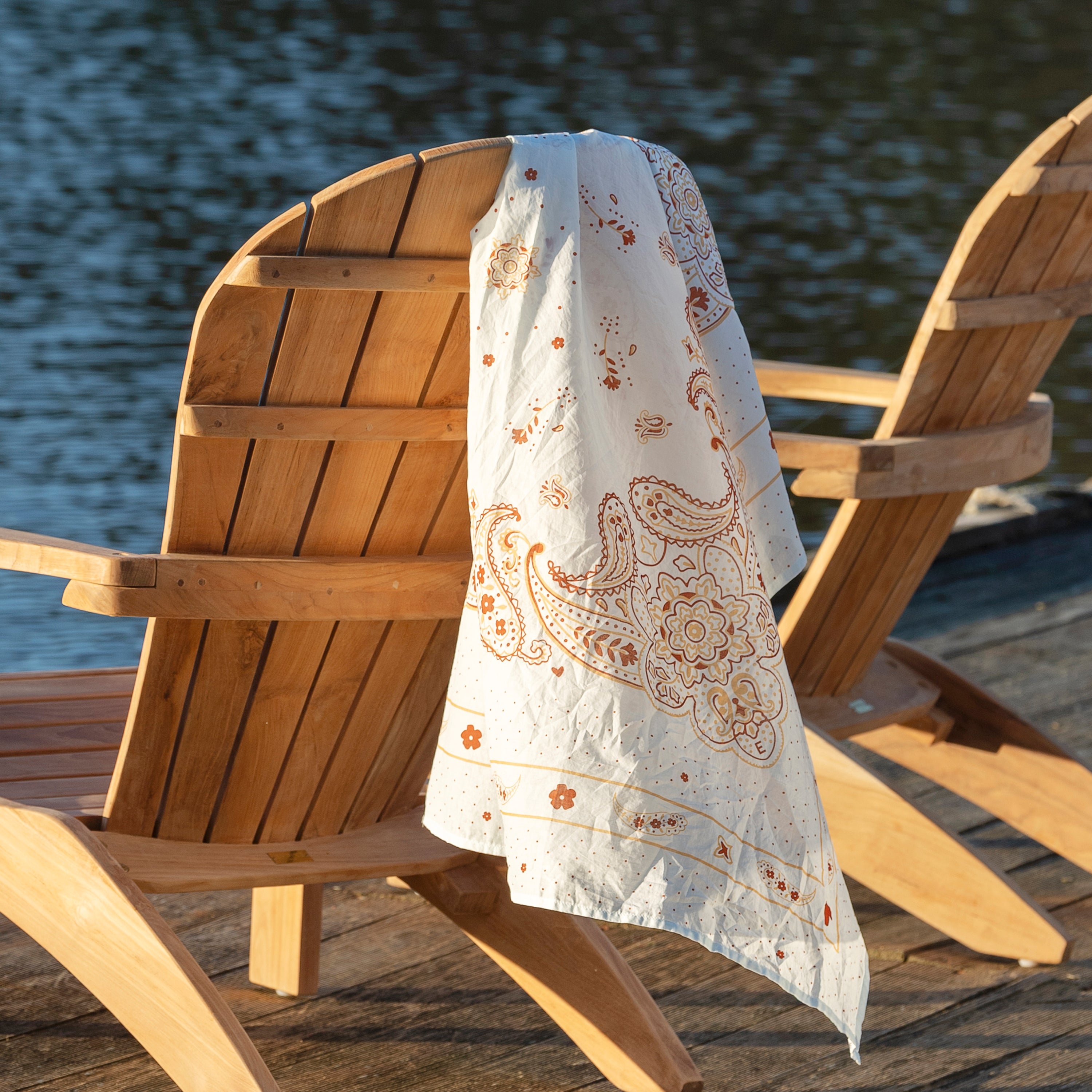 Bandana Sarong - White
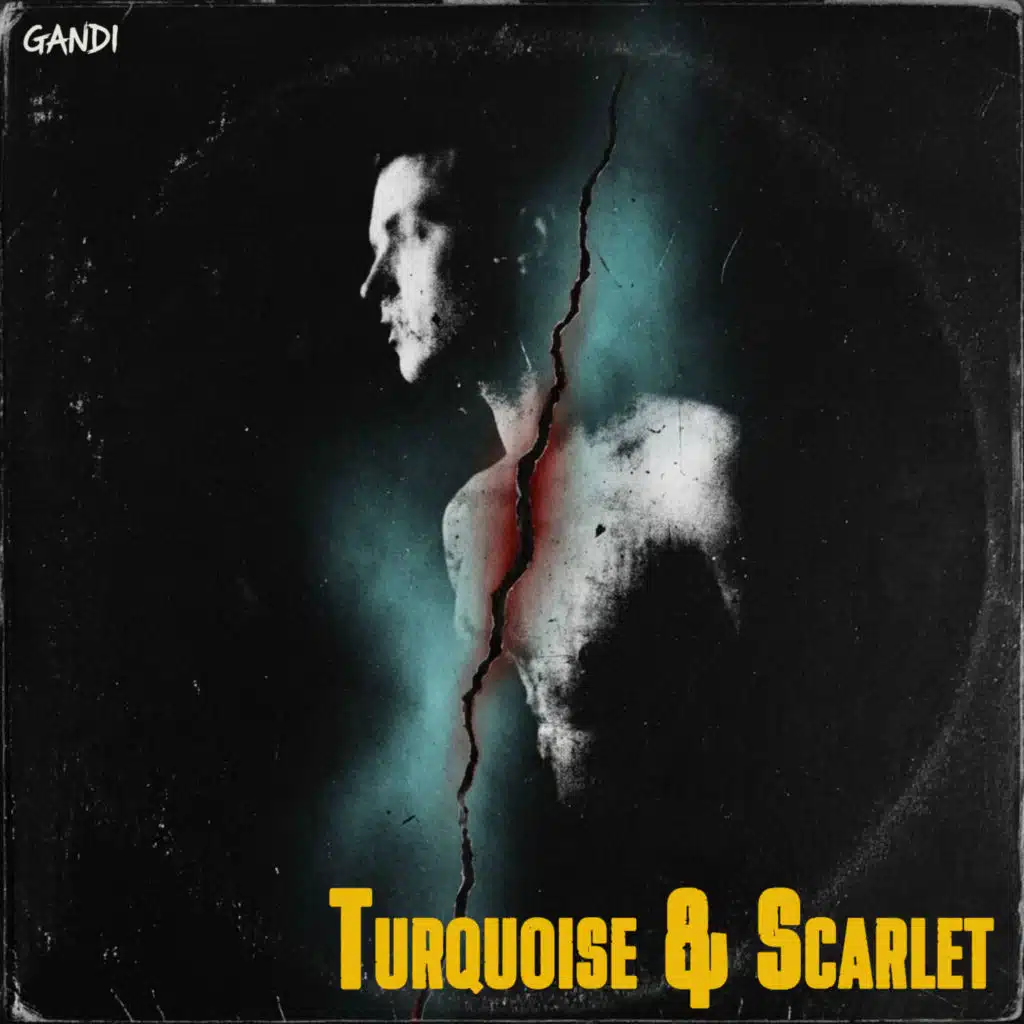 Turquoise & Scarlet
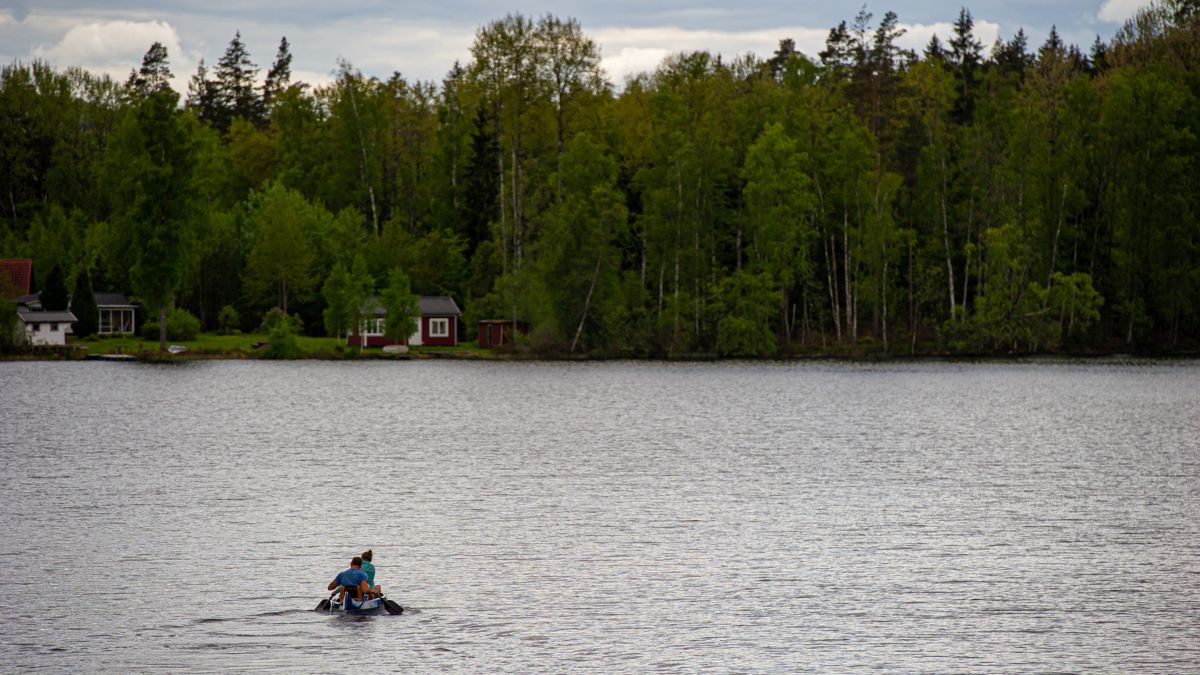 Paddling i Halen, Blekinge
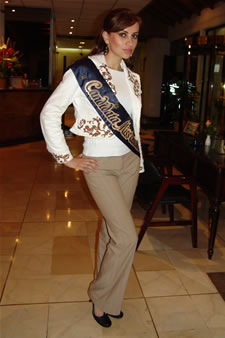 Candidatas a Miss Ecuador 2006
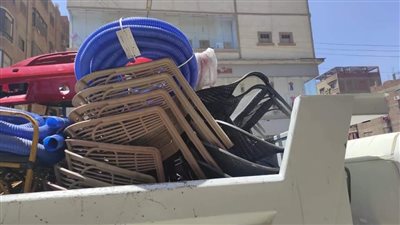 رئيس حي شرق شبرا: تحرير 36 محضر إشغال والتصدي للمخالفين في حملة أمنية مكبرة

+===+

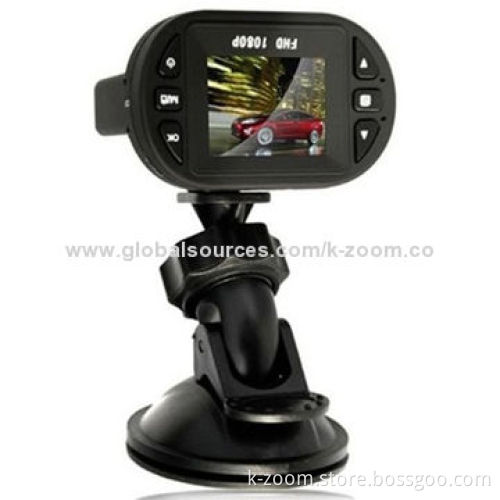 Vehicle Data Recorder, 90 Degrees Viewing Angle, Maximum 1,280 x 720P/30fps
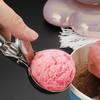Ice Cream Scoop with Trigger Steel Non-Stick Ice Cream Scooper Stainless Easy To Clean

+===+

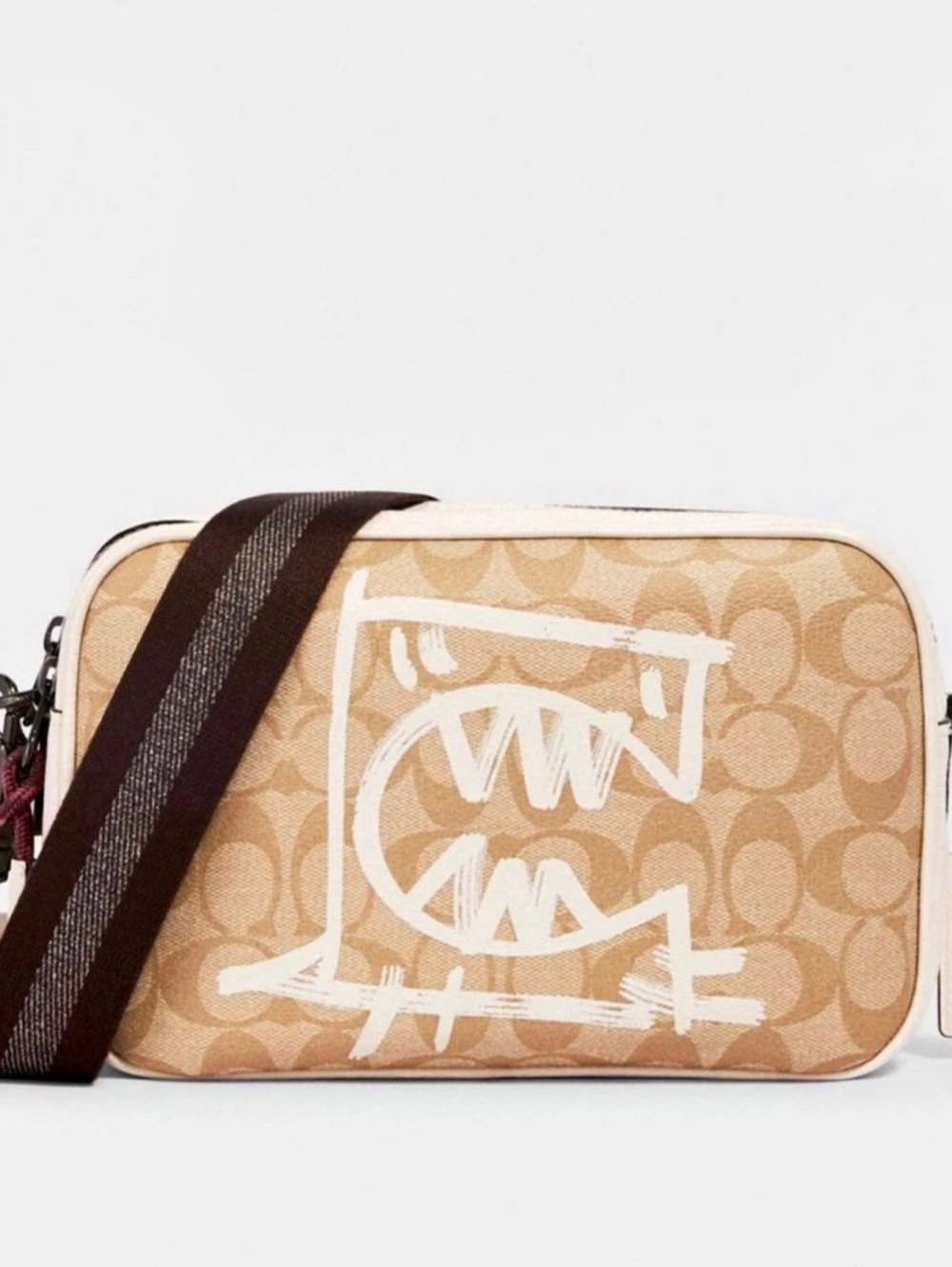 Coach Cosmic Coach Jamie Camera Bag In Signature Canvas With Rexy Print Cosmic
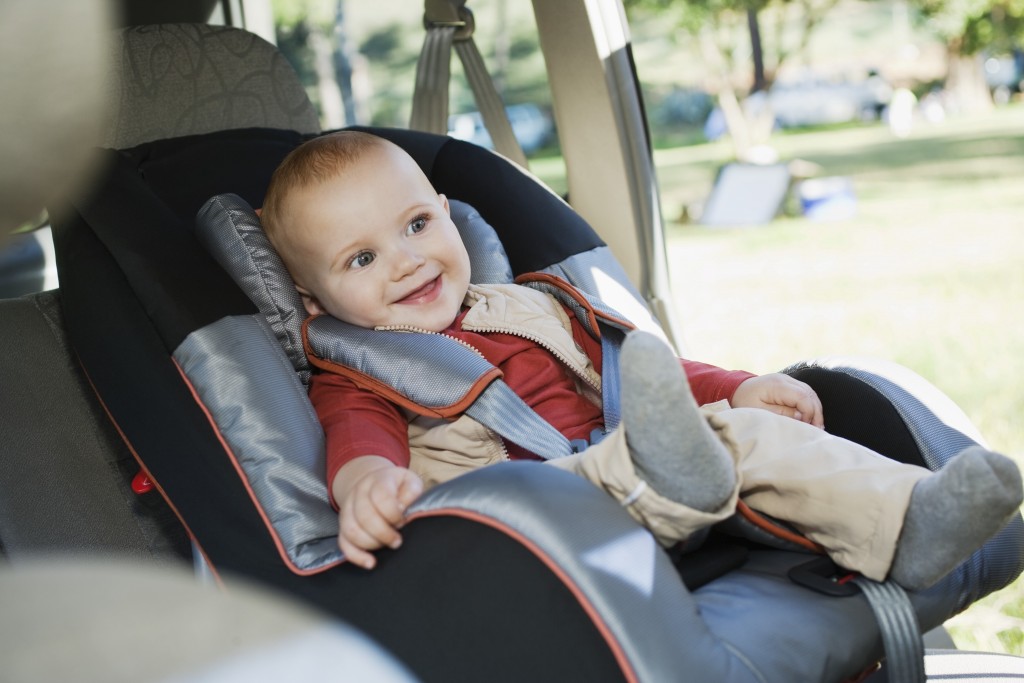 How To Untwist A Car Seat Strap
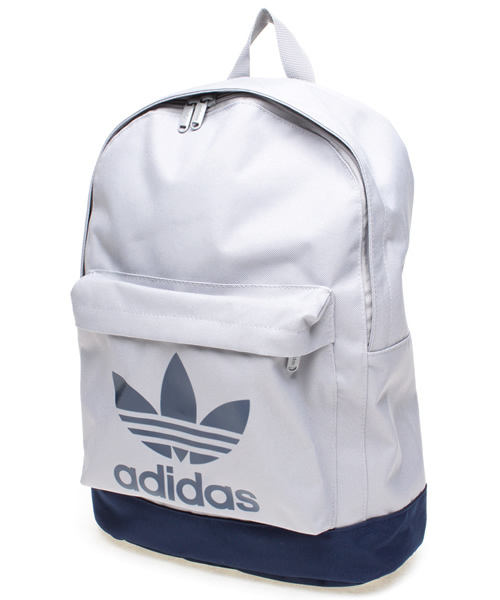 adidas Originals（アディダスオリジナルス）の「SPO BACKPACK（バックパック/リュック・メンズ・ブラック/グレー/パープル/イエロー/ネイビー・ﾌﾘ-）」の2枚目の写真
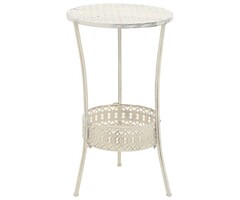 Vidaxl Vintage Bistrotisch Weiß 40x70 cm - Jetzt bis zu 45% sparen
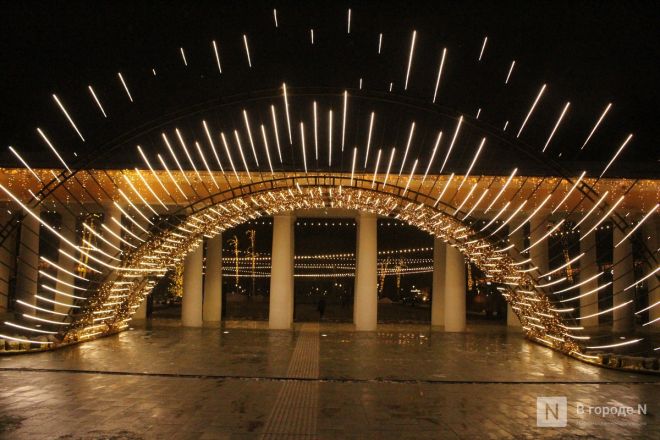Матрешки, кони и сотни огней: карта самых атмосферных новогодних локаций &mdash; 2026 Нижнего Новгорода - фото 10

+===+

- [What the task requires]:
Within the data above, repeat exactly the lines from the one bearing "Turquoise & Scarlet" through the one bearing "رئيس حي شرق". Include no pictures and nothing else.

- [Result of this exercise]:
 Turquoise & Scarlet
 Paddling i Halen, Blekinge
 Candidatas a Miss Ecuador 2006
 رئيس حي شرق شبرا: تحرير 36 محضر إشغال والتصدي للمخالفين في حملة أمنية مكبرة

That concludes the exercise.